**Exercise requirements:**
Each record that follows must be reproduced exactly.

**Exercise input:**
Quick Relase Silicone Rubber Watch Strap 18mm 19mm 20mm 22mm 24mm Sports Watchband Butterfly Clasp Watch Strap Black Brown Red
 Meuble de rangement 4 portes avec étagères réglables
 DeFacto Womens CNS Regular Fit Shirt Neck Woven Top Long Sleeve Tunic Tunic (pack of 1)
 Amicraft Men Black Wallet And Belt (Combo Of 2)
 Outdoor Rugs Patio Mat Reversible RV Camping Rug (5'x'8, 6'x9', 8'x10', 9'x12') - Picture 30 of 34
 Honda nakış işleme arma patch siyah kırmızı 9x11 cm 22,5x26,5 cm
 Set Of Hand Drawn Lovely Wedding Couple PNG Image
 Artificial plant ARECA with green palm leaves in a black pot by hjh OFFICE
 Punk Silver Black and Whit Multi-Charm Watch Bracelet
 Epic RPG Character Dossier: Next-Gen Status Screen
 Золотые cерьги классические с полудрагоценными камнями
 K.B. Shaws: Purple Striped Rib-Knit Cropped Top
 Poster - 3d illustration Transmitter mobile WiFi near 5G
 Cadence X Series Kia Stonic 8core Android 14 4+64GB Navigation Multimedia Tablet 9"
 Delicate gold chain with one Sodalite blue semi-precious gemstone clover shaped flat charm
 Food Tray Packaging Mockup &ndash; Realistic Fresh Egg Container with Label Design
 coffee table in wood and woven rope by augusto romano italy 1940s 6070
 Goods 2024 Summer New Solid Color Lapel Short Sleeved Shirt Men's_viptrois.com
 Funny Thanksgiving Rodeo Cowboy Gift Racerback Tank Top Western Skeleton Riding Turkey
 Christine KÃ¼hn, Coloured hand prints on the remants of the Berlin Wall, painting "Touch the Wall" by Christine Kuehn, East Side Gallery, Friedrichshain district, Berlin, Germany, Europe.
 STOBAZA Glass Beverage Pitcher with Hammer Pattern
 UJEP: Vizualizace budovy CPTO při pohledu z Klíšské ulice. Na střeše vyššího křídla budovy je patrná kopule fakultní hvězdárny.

**Result of this exercise:**
Quick Relase Silicone Rubber Watch Strap 18mm 19mm 20mm 22mm 24mm Sports Watchband Butterfly Clasp Watch Strap Black Brown Red
 Meuble de rangement 4 portes avec étagères réglables
 DeFacto Womens CNS Regular Fit Shirt Neck Woven Top Long Sleeve Tunic Tunic (pack of 1)
 Amicraft Men Black Wallet And Belt (Combo Of 2)
 Outdoor Rugs Patio Mat Reversible RV Camping Rug (5'x'8, 6'x9', 8'x10', 9'x12') - Picture 30 of 34
 Honda nakış işleme arma patch siyah kırmızı 9x11 cm 22,5x26,5 cm
 Set Of Hand Drawn Lovely Wedding Couple PNG Image
 Artificial plant ARECA with green palm leaves in a black pot by hjh OFFICE
 Punk Silver Black and Whit Multi-Charm Watch Bracelet
 Epic RPG Character Dossier: Next-Gen Status Screen
 Золотые cерьги классические с полудрагоценными камнями
 K.B. Shaws: Purple Striped Rib-Knit Cropped Top
 Poster - 3d illustration Transmitter mobile WiFi near 5G
 Cadence X Series Kia Stonic 8core Android 14 4+64GB Navigation Multimedia Tablet 9"
 Delicate gold chain with one Sodalite blue semi-precious gemstone clover shaped flat charm
 Food Tray Packaging Mockup &ndash; Realistic Fresh Egg Container with Label Design
 coffee table in wood and woven rope by augusto romano italy 1940s 6070
 Goods 2024 Summer New Solid Color Lapel Short Sleeved Shirt Men's_viptrois.com
 Funny Thanksgiving Rodeo Cowboy Gift Racerback Tank Top Western Skeleton Riding Turkey
 Christine KÃ¼hn, Coloured hand prints on the remants of the Berlin Wall, painting "Touch the Wall" by Christine Kuehn, East Side Gallery, Friedrichshain district, Berlin, Germany, Europe.
 STOBAZA Glass Beverage Pitcher with Hammer Pattern
 UJEP: Vizualizace budovy CPTO při pohledu z Klíšské ulice. Na střeše vyššího křídla budovy je patrná kopule fakultní hvězdárny.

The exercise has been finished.